I can’t deny … It was like … You know … It’s inappropriate … It’s … not professional. [Male, 43 years old, civil servant]

Oh, Allah, what a stupid I was … I was like …. Well, when recalling that, I think it was so bad, so very bad, too bad … I felt so sorry. [Female, 30 years old, an employee in a private institution]

Painful feelings individuals felt when experiencing a shameful event make them withdraw from the environment associated with the thing that caused that shame (leaving, avoiding the person who caused that shame and the persons who witnessed the shameful event, and the place where the shame experience occurred). Withdrawal reactions were indicated by several participants as described in the following example:

It was like, like wanting to run …. going upstairs, away from others. I felt ashamed and sad too, so I needed to be left alone for a while. [Male, 24 years old, an employee in a private institution]
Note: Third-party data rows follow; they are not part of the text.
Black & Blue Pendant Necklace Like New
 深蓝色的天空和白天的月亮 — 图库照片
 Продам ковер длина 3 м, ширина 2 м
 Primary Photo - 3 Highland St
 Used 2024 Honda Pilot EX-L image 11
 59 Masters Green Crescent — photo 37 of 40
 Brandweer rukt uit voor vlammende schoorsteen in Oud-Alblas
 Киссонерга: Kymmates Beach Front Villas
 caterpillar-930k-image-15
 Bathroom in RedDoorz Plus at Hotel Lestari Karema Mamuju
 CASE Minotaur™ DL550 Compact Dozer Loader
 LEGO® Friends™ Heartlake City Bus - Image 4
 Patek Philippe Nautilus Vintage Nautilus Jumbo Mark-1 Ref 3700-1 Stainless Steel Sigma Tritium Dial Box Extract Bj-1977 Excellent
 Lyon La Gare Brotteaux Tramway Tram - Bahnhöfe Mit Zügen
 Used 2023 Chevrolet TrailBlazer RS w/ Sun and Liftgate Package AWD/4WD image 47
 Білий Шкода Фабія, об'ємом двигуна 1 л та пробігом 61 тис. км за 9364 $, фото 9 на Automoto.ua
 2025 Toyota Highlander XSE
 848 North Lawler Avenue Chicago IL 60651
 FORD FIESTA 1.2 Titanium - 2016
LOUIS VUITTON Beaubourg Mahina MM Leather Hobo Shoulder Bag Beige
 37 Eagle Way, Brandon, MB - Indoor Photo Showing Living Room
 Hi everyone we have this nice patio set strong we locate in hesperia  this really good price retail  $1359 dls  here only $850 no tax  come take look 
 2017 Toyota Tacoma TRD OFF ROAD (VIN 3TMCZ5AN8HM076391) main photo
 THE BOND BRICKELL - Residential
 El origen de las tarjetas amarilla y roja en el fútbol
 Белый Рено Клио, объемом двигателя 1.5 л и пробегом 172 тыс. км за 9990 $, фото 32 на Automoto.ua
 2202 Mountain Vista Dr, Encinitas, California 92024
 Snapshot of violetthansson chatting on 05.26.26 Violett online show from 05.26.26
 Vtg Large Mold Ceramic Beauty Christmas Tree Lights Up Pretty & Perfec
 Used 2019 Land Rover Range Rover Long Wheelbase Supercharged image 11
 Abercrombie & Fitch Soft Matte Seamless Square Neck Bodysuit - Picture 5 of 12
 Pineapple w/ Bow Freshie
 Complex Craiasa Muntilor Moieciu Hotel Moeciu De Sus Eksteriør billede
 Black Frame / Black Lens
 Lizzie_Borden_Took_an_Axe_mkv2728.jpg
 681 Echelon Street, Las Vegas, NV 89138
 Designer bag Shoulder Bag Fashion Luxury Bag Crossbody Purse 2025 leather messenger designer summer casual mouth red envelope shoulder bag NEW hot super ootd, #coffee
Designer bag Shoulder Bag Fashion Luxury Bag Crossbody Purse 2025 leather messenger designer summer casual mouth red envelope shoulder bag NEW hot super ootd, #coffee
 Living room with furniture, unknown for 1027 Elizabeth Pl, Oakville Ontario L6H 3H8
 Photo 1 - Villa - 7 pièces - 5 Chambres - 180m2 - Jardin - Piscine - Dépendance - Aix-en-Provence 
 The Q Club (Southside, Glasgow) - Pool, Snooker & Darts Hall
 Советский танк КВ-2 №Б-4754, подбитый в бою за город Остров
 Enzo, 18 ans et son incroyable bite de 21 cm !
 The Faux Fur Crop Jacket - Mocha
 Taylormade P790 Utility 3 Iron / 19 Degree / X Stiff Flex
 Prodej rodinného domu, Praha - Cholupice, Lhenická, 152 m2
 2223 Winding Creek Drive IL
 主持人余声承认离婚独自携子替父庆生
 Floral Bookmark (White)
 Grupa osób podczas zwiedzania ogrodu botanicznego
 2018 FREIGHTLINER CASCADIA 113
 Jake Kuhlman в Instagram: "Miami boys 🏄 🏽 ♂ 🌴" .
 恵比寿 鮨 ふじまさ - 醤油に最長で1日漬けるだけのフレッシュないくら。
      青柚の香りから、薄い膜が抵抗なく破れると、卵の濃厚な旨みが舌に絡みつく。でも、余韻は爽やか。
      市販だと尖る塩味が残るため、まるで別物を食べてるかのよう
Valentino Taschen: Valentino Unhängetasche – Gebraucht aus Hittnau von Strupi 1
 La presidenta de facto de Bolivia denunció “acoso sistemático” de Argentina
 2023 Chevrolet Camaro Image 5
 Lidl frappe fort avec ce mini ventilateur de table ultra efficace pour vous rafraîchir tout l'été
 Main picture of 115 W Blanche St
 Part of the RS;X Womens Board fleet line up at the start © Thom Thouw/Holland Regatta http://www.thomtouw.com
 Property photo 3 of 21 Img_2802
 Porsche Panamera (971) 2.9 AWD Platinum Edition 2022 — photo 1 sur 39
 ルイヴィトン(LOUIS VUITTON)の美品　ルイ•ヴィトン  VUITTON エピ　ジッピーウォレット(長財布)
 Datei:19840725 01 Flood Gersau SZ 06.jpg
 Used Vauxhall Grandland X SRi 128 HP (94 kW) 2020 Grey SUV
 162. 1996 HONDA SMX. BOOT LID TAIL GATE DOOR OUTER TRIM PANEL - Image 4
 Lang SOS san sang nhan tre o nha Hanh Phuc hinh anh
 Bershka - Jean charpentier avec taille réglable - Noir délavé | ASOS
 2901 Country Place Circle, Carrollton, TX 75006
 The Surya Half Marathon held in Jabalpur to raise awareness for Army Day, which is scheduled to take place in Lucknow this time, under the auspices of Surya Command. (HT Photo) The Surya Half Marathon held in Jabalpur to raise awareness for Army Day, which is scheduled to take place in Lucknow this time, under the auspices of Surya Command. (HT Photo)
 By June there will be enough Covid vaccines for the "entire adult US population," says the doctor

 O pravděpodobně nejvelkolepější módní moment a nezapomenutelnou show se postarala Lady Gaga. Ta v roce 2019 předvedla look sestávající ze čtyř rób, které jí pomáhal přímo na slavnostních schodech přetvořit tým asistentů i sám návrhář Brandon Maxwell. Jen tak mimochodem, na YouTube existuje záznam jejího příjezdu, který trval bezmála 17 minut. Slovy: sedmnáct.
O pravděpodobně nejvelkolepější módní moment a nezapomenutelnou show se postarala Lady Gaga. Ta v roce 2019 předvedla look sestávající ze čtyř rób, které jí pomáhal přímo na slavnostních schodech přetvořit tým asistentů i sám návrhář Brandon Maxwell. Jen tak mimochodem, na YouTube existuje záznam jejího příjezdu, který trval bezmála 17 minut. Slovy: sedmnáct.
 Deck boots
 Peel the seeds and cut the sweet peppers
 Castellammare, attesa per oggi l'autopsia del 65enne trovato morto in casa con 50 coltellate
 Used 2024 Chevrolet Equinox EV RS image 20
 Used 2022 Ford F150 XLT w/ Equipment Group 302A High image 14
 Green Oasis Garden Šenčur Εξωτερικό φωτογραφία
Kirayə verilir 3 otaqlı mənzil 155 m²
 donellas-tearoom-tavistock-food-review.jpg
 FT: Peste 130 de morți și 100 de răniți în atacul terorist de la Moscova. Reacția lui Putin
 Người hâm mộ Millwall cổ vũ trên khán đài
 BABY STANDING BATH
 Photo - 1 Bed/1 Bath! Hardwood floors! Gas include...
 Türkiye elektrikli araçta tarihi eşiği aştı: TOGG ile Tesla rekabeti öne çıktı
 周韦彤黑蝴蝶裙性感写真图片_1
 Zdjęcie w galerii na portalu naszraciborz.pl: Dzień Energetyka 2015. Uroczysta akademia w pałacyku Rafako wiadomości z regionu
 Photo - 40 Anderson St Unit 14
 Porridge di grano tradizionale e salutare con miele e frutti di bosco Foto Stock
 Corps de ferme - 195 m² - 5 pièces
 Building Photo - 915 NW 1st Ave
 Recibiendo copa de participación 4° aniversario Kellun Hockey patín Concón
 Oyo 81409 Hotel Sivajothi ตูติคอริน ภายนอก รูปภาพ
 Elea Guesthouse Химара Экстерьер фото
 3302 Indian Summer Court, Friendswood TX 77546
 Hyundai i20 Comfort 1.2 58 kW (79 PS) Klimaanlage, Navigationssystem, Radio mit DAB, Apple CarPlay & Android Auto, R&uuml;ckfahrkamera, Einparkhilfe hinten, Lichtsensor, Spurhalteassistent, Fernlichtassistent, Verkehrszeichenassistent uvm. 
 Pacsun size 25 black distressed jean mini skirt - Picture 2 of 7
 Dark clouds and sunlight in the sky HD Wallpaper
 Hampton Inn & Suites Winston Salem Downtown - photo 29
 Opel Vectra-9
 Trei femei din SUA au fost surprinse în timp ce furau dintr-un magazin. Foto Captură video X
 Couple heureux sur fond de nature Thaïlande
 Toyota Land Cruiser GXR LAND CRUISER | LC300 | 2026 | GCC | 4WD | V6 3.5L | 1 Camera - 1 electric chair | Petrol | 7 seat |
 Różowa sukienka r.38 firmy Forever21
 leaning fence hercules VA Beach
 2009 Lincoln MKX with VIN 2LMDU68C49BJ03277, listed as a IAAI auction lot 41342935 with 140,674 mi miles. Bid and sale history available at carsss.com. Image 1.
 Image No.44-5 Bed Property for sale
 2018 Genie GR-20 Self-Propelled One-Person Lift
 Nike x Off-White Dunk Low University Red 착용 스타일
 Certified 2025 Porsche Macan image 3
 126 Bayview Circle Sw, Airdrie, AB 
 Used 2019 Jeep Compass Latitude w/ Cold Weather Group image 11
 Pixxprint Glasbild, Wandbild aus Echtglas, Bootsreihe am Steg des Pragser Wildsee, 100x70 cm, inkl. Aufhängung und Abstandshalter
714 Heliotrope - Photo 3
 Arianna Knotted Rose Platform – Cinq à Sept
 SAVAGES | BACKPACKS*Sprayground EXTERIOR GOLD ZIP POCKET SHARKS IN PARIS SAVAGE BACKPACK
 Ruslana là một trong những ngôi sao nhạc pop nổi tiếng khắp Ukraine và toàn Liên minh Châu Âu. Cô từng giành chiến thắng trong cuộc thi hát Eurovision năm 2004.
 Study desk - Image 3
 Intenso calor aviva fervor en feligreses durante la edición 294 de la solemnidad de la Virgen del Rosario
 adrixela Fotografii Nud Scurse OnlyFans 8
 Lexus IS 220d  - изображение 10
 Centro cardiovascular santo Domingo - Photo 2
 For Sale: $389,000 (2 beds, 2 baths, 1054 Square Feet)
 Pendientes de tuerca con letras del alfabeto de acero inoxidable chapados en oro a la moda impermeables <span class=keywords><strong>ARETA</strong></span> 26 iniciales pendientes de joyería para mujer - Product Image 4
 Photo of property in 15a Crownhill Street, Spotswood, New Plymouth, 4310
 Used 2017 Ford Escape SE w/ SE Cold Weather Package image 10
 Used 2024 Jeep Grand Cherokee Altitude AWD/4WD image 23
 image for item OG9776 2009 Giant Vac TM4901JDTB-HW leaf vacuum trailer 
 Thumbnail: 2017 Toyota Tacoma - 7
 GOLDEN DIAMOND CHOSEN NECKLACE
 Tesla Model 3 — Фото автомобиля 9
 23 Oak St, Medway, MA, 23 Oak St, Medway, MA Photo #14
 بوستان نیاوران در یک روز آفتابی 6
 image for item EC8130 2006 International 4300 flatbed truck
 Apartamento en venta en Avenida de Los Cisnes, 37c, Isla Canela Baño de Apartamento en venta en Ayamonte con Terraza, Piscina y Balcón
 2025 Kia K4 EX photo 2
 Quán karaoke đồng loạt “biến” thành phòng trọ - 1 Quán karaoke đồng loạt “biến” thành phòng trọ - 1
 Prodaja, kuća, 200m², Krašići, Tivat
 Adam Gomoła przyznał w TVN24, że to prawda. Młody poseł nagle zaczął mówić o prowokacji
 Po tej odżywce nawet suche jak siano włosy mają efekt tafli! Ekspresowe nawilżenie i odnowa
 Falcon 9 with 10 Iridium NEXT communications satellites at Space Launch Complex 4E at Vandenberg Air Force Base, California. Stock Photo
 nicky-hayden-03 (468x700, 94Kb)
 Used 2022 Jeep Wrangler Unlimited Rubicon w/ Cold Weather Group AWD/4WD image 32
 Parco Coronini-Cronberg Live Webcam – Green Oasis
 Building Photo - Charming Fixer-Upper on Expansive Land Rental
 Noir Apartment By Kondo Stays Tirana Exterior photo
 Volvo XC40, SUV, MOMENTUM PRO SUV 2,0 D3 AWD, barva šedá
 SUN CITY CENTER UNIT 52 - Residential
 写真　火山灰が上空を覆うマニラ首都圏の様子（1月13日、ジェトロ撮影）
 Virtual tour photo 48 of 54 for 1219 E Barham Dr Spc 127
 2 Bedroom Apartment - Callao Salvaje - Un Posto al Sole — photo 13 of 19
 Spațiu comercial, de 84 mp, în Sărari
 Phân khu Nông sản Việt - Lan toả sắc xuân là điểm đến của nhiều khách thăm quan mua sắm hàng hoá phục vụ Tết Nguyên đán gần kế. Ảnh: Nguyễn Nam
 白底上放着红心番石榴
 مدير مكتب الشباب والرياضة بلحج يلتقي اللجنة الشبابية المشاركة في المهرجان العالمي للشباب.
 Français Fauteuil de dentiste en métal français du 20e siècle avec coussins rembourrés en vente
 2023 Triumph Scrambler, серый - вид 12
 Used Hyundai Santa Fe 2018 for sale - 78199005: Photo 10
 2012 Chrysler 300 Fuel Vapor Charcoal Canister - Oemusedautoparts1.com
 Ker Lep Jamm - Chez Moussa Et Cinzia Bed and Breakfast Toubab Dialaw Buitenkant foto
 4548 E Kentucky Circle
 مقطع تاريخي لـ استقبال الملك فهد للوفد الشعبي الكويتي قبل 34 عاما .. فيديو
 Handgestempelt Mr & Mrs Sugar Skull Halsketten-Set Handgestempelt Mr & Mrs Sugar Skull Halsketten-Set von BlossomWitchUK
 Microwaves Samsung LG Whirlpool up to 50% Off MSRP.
Because I felt bad, so I left for a while … to calm myself down, taking a deep breath, drinking some water, then I would be more ready to face the reality. [Female, 39 years old, civil servant]

In addition, the participants also thought that other people who know the mistakes or violations they have committed would judge them negatively (although that is not necessarily the case). Although in some cases, the participants did not do the shame-causing thing intentionally or did not even think that what they did was wrong by rules for which they did not feel guilty, they felt ashamed because they were worried that other people would think negatively of them. The focus on negative evaluations of others is illustrated in the following interview excerpts:

I am a teacher, you know … It seems that the parents question how we teach their children. I think they don’t trust me. [Male, 43 years old, civil servant]

I felt ashamed because …. I think other people would think that I am an unreliable person, not reading the invitation carefully, careless … Of course, I was ashamed for not reading the invitation thoroughly. [Female, 42 years old, a regional government institution employee]

The data obtained also showed that people who experienced shame from violating the rules or failed to achieve the set standards would feel required to fix the perceived negative perceptions from other people and try to become better individuals by improving themselves or fixing the mistakes they have made. Individuals are motivated to fixing their errors and the condition so that they can cope with their shame (to be forgotten/forgiven by others), and similar incidents will not happen again, as shown in the following quotes:

To perform better in the future to make people forget that shameful incident …. Yes, I need to make a more convincing presentation, presenting better, and making sure that there are no errors. [Female, 42 years old, a regional government institution employee]

I keep trying to perform better. When I have finished something, I would ask my co-workers to check … to make corrections … even from my subordinates … (Male, 43 years old, civil servant]

Based on the participants’ descriptions of the experience of shame, what they feel when they experience shame, and what they mean by shame, we drew a general conclusion that shame is an emotion in which a person feels uncomfortable and uneasy for making a mistake or violating some ethics, rules, religious values, and social norms and failing to achieve the standards set. Individuals may still feel ashamed although no one else knows about the shameful incident, and they might feel a more intense shame if the incident is known to others. In addition, the intensity of shame and the proneness to feel ashamed decrease with the length of the work period. Over time, individuals would think that other people can accept and get used to these conditions.

Study 2

Study 2 was conducted in several stages to compile and empirically prove that The Shame-Proneness Scale for Malay Employee (SSME) constructed based on the dimensions of shame identified in Study 1 is valid and reliable.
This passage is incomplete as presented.